(ACTIVITY) Needed from the data below: every line from the one with "a wok filled" up to and including the one with "A laptop and", repeated exactly and with nothing else.

[PROVIDED RECORDS]

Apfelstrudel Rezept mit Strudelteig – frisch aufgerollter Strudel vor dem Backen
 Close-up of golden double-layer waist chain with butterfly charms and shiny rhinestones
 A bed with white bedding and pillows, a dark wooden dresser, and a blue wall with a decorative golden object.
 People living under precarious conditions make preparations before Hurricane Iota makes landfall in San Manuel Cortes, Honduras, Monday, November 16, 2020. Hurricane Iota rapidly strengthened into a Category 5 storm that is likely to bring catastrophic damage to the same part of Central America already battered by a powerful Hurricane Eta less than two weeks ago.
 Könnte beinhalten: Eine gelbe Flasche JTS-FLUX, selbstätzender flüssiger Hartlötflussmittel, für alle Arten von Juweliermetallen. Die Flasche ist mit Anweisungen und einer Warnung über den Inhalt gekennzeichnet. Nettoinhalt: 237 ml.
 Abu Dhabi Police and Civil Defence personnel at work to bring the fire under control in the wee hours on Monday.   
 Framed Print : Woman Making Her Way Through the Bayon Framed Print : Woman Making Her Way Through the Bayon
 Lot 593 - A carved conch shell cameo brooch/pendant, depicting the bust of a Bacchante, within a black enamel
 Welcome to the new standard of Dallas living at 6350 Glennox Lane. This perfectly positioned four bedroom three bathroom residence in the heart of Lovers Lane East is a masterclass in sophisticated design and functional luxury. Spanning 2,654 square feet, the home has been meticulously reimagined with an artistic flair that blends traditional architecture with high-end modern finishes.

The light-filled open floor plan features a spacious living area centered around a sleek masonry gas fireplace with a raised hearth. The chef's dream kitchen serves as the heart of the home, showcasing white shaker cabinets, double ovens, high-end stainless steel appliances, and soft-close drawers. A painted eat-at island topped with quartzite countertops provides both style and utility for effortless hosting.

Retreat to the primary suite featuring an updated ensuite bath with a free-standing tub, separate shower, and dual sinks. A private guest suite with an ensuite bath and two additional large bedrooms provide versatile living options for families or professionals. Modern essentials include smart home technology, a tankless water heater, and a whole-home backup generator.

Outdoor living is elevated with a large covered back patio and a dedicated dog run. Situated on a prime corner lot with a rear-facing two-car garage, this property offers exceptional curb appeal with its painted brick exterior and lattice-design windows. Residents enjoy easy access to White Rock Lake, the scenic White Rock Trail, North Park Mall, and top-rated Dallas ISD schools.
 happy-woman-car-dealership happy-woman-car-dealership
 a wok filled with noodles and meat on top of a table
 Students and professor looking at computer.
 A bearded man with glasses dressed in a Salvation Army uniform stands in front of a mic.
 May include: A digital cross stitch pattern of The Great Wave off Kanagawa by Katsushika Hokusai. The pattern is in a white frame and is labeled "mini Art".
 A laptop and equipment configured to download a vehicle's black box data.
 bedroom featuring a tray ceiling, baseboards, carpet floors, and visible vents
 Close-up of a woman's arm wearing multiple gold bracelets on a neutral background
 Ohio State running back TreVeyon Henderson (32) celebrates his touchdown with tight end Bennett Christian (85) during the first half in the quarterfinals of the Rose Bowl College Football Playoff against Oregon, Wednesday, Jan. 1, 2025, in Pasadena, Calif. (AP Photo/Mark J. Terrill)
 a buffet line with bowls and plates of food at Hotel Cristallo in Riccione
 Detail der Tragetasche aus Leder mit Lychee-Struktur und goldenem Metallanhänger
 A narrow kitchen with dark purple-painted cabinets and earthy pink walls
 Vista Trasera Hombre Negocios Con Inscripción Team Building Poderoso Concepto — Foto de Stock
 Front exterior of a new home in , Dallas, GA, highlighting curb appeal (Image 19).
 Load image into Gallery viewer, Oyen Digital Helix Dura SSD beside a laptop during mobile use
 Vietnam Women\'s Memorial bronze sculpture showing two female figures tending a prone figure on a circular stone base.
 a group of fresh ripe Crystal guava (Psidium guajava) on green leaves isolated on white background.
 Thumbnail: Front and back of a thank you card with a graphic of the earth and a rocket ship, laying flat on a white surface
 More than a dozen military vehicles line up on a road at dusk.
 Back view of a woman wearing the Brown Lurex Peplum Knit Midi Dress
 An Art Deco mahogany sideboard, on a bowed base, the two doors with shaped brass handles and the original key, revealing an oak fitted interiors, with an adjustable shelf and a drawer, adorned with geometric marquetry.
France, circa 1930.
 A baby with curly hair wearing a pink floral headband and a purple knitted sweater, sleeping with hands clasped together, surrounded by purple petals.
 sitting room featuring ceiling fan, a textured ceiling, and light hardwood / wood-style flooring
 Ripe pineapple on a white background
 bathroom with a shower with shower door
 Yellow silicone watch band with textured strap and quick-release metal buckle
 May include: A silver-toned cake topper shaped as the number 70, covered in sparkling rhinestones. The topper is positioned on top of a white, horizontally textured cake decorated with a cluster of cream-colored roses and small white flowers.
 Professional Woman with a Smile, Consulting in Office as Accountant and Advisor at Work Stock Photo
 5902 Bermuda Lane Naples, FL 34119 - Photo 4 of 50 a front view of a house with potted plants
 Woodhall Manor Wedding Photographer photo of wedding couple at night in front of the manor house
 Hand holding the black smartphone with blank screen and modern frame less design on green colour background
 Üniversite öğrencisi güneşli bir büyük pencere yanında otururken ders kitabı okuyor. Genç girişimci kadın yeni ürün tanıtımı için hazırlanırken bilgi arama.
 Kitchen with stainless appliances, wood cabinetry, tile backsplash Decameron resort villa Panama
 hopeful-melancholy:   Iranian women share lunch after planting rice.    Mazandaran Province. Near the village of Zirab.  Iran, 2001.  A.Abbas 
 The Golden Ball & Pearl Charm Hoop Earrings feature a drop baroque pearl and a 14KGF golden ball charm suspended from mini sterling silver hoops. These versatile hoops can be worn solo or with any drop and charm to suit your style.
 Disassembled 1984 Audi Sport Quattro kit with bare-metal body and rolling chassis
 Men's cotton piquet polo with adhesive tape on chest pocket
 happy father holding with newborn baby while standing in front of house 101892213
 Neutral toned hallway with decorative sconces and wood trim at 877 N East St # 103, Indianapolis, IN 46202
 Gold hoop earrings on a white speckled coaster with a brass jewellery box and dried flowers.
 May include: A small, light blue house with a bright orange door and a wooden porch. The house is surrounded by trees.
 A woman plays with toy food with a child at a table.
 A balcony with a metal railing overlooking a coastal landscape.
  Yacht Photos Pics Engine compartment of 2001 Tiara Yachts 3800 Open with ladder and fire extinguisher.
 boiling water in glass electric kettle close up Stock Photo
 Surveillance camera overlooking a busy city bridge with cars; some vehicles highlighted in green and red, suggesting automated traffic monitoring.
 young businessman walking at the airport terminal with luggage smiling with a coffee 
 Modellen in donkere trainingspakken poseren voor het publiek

[/PROVIDED RECORDS]

(ANSWER)
 a wok filled with noodles and meat on top of a table
 Students and professor looking at computer.
 A bearded man with glasses dressed in a Salvation Army uniform stands in front of a mic.
 May include: A digital cross stitch pattern of The Great Wave off Kanagawa by Katsushika Hokusai. The pattern is in a white frame and is labeled "mini Art".
 A laptop and equipment configured to download a vehicle's black box data.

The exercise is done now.